A systematic assessment of genetic diversity within Africa

Globally, human populations show structured genetic diversity as a result of geographical dispersion, selection and drift. Understanding this genetic variation can provide insights into our human origins and the evolutionary processes that shape both human adaptation and variation in disease. In these contexts, Africa represents the ancestral birthplace of modern humans. Populations from Africa have the highest levels of genetic diversity. This characteristic, in addition to historical genetic admixture, can lead to complexities in the design of studies assessing the genetic determinants of disease and human variation. However, such studies of African populations are also likely to provide new opportunities to discover novel disease susceptibility loci and variants and refine gene–disease association signals.

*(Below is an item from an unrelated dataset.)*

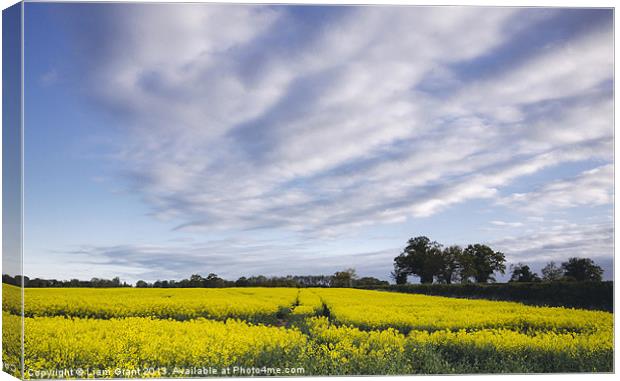 Evening sky over yellow oilseed rape field. South  Canvas Print by Liam Grant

A systematic assessment of genetic diversity within Africa would facilitate genomic epidemiological studies in the region, therefore, we have established the Genome Diversity in Africa Project (GDAP), to extend previous efforts to characterise population genetic diversity in Africa—informing population history and movement, evolutionary adaptation and disease susceptibility across Africa. Importantly, the GDAP will also help develop local resources and research capacity for public health and genomic epidemiological research, including approaches to strengthen research capacity, training, and collaboration across the region. Using a sequencing-based approach, GDAP aims to significantly advance the comprehensive catalogue of human genetic variation in Africa started by the African Genome Variation (AGV) project, including single nucleotide polymorphisms (SNPs), structural variants, and haplotypes.

The GDAP project is gathering, combining and comparing genomic data from several independent studies comprising ethnolinguistic groups across Africa, including population groups from South Africa, Tanzania, Uganda, Ethiopia, Sudan, Ghana, Nigeria and Burkina Faso. Specifically, we aim to whole genome sequence at low and high depth around 100 individuals from each ethnolinguistic group, and complement these data with 2.5M Illumina array data from distinct regions within Africa. In total, we will aim to sequence up to 2,000 genomes. This resource will extend our understanding of our human origins, population history, and patterns of genetic diversity within and among populations in Africa. Furthermore, it will provide a global resource to help design, implement and interpret genomic studies in Africa populations and studies comprising globally diverse populations, thus complementing existing genomic resources. In a wider epidemiological and public health context, use of genomic technologies to identify the biological mechanisms underlying the development of complex diseases among populations across Africa may help inform strategies for prevention and treatment of complex diseases in these populations.